Beware of ‘False Goods’

Member Group : Jerry Shenk

In one of his final public appearances before about 50,000 people gathered in St. Peter’s Square, Pope Benedict XVI spoke of Christ’s temptation in the wilderness, saying, "The tempter is subtle: he does not push us directly toward evil, but to a false good."

That’s true of much in modern life.

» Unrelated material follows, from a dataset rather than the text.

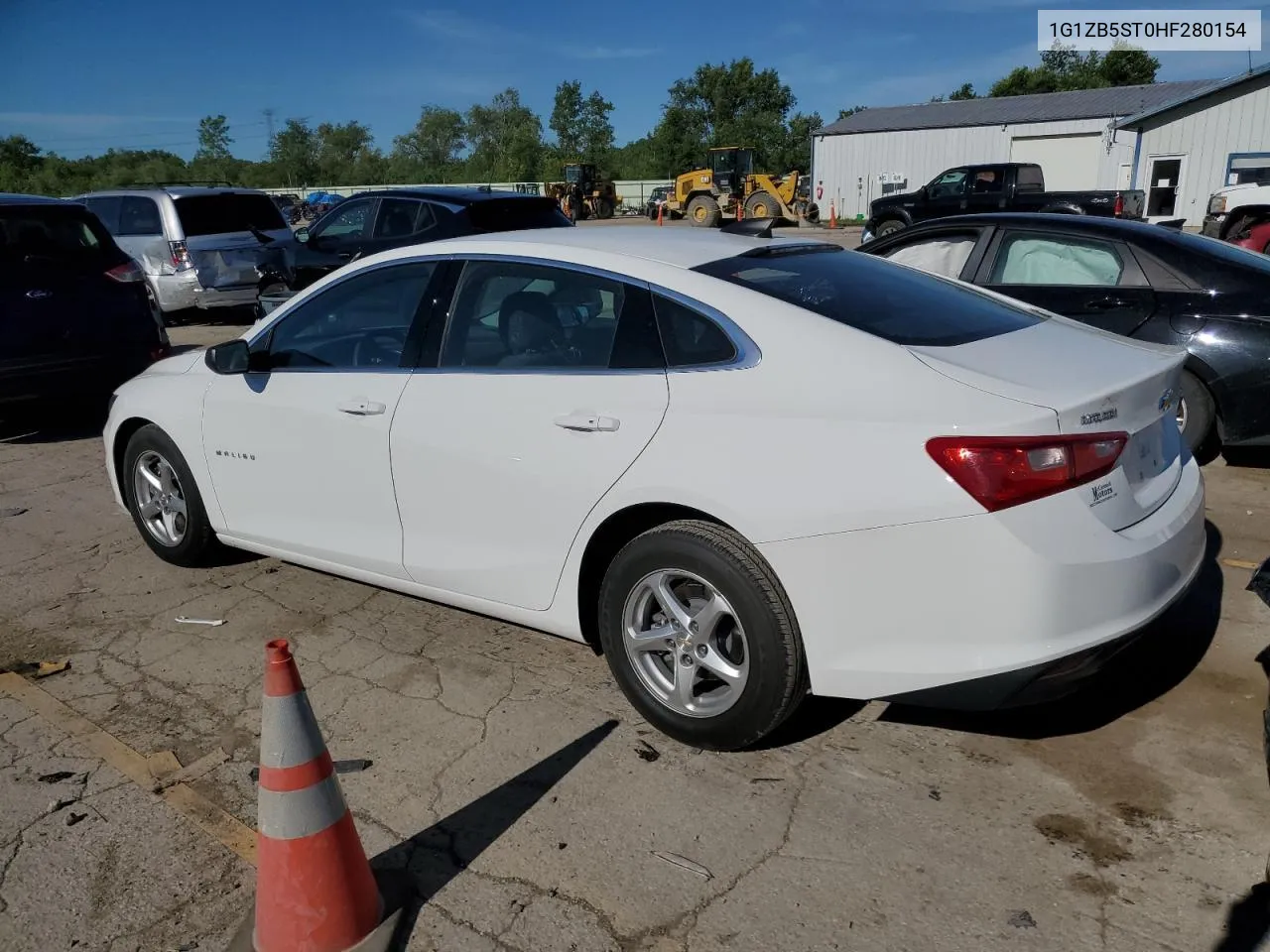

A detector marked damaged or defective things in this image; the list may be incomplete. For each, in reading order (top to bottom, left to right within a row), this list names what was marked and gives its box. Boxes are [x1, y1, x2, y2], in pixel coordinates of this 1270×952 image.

Ideologues misapply inoffensive words to disguise bad conduct or policies in ways which allow them to feel virtuous without acting virtuously and morally superior with no moral foundation.

Some marginalize both conscience and logic by limiting their perceptions of "virtue" to how they think and vote, passing off personal responsibilities to an abstract, faceless, inefficient, uncontrolled, often-corrupt government while demonizing others who don’t share their "enlightened" points of view.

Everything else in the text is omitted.